I bought my Asus Transformer TF101 on August 14th. It was running Android 3.2 aka Honeycomb. I had used Android before, so using the Honeycomb version of Android wasn’t that much different to Gingerbread. I had waited for Asus to release Ice Cream Sandwich for their TF101 model. Transformer Prime got it earlier, but the owners of TF101 had to wait for Google approval process to end. Well, enough of that now, because this post was supposed to be about my user experience of ICS on TF101.

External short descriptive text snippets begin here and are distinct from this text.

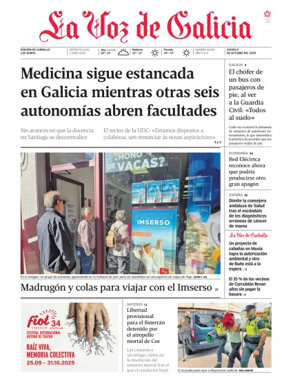 Cover of La Voz de Galicia (Carballo)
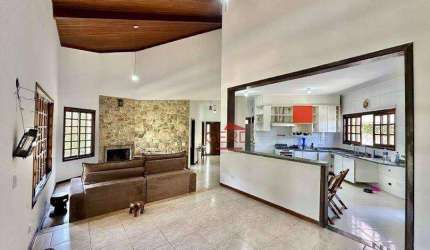 Casa 80% térrea no Condomínio Vila Velha – 3 suítes, 8 vagas, lote 1.546m² plano – Carapicuíba/SP
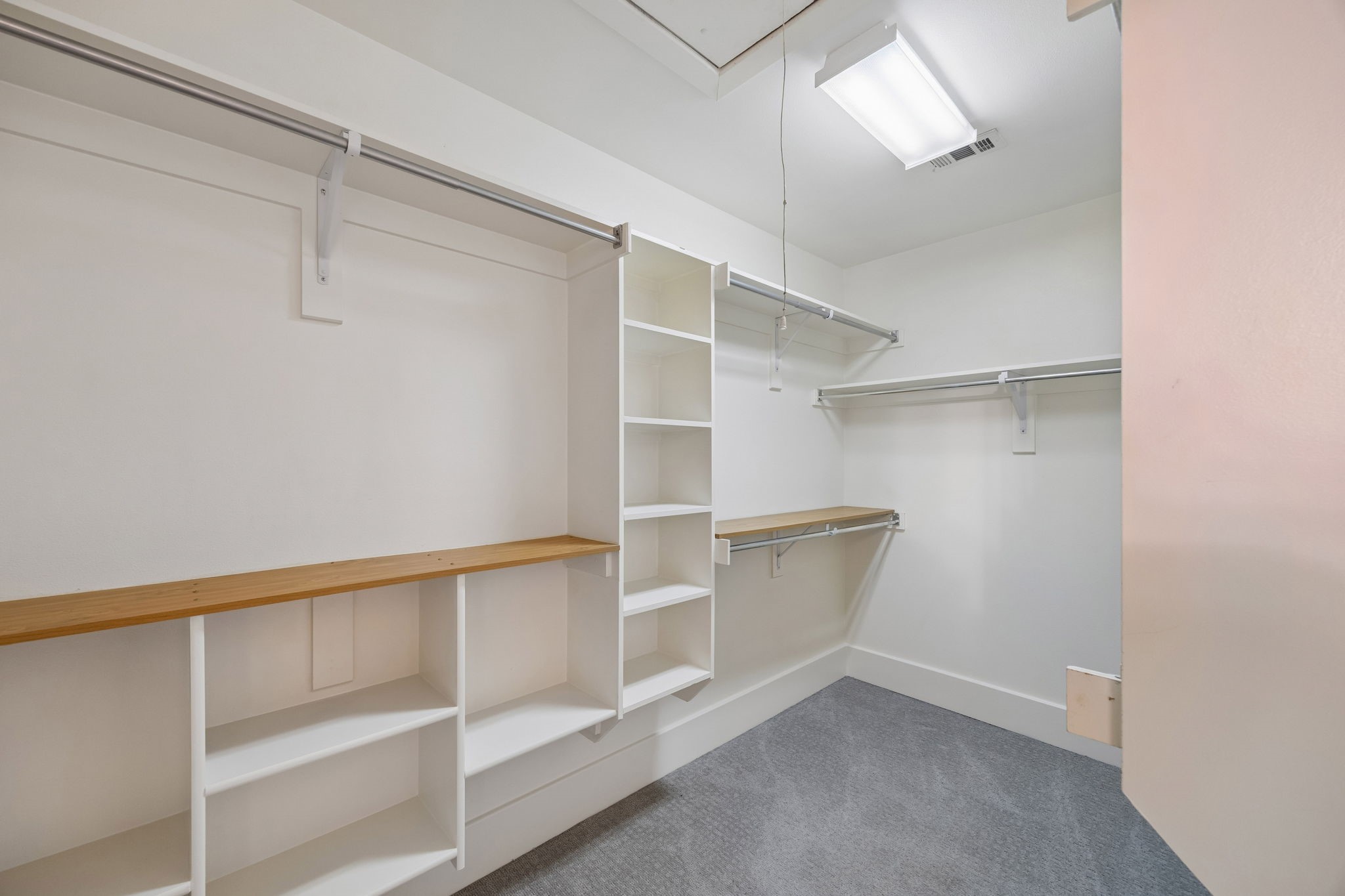 2606 Shelby Avenue 102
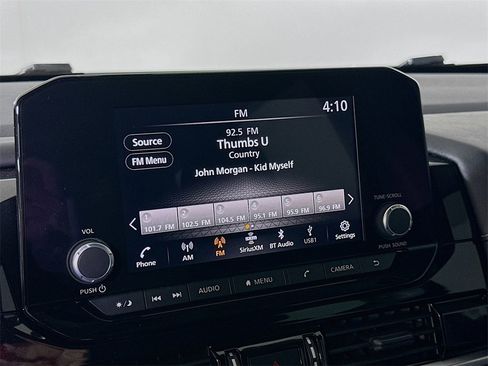 Used 2023 Nissan Pathfinder SV image 26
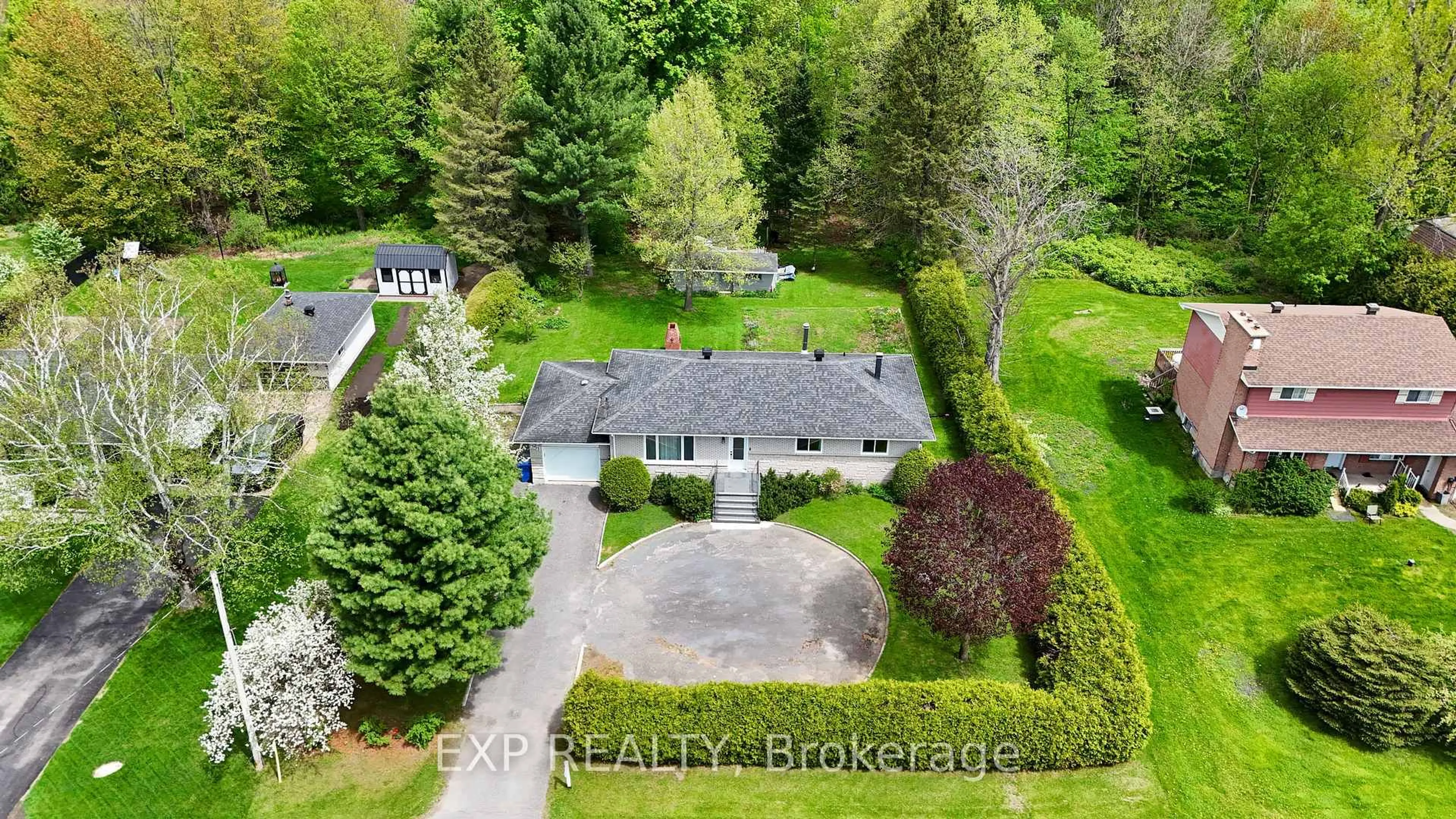 A pic from outside/outdoor area/front of a property/back of a property/a pic from drone, street for 751 Pattee Rd, Champlain Ontario K6A 2R2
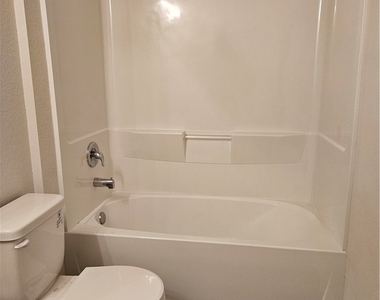 901 Nw 15th Place - Photo Thumbnail 3
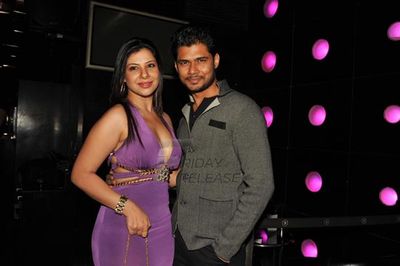 Monica Bedi, Kashmira Shah, Ravi Kishen at Sambhavana Seth's birthday party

My first thought about ICS on a first boot was ”Blimey this looks fantastic”. I looked around a bit in the menus and saw that the menus look a little different. Things had changed places, icons had been changed. It felt faster than it did before the update, which was a really good thing. The next thing I noticed was that the X’s on a single notifications had disappeared and there was a single X where you could clear all notifications. This seemed like a bad thing, but I tend to forgot that you can swipe the notification to clear it off. So no complaints there either, just my own forgetfulness. ICS has also added the smaller setting buttons in the notification bar. You can set WiFi off or on, disable bluetooth from there and so on. Honeycomb didn’t have this, so it is a nice addition to almost perfect tablet OS. The other new thing I like in this OS is the Data Usage. It shows how much data different applications use. I like to see how much data I use on different things. I didn’t miss this feature in Honeycomb, because I couldn’t even think that something like this could exist by default in tablet operating system.